Once again Ham thrusts his perverse & paranoid thin end of the Satanic wedge logic into the mouths and minds of those he disagrees with and attempts to manipulate them onto a collision course with the Almighty. As one might expect from his inquisitional tactics he all but denies access to Gospel truth to his antagonists.This is the way fundamentalists attempt to forestall critical analysis of their position. (See also here)

So, although David Robertson is right, he is only right for selected Christian subcultures. Elsewhere the kind of toy town plastic theology bolstered by spiritual intimidation and which has deceived Sampson reigns supreme.

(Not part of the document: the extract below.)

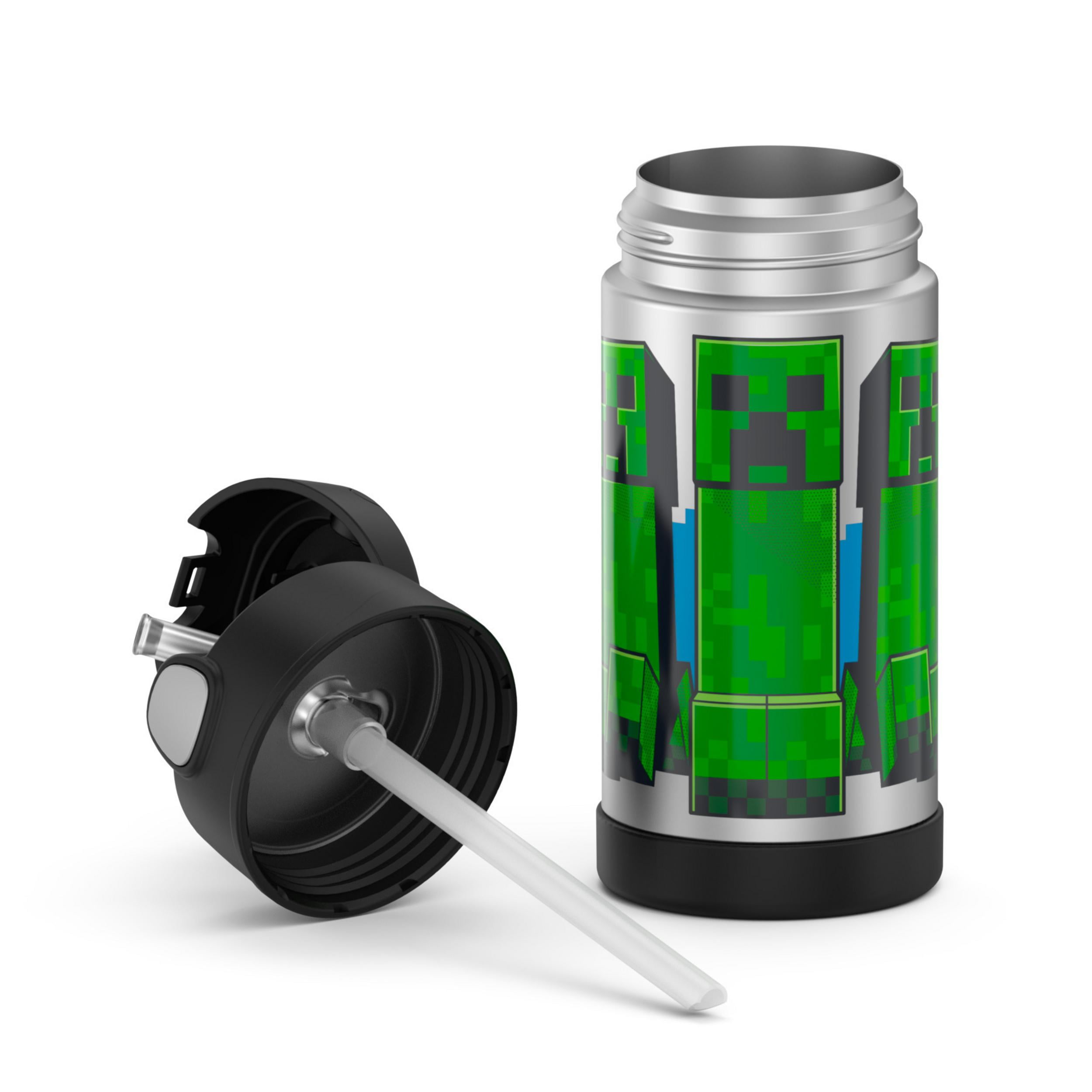 Thermos Kids Stainless Steel Vacuum Insulated Funtainer straw bottle, Minecraft, 12 fl oz
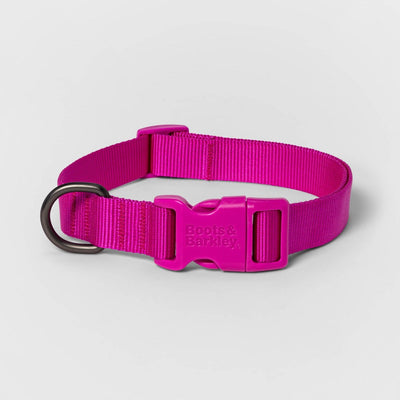 Basic Dog Adjustable Collar with Color Matching Buckle - XL - Pink - Boots & Barkley™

As for those who are self-critical, analytical, exploratory, tentative, experimental and ask hard questions, they may find themselves being accused of at best resisting the Holy Spirit and at worst of being heretics!

Footnote:
* One of the factors at work here is the almost exclusive premium that is so often placed on purely intuitive engagements with God: Sensings, epiphanies, sublime revelations, touches of God, gnosis etc are regarded as the acme of faith; a more analytical approach is not just a poor relation in this context, but sometimes explicitly put down as mere head knowledge in comparison with the  superior "heart knowledge" of the super-spiritual Christian. The trouble is that when people like Sampson come out of their quasi-gnostic stupor they find roaring lions waiting for them, ready to devour their faith. Robertson's criticism is then justified.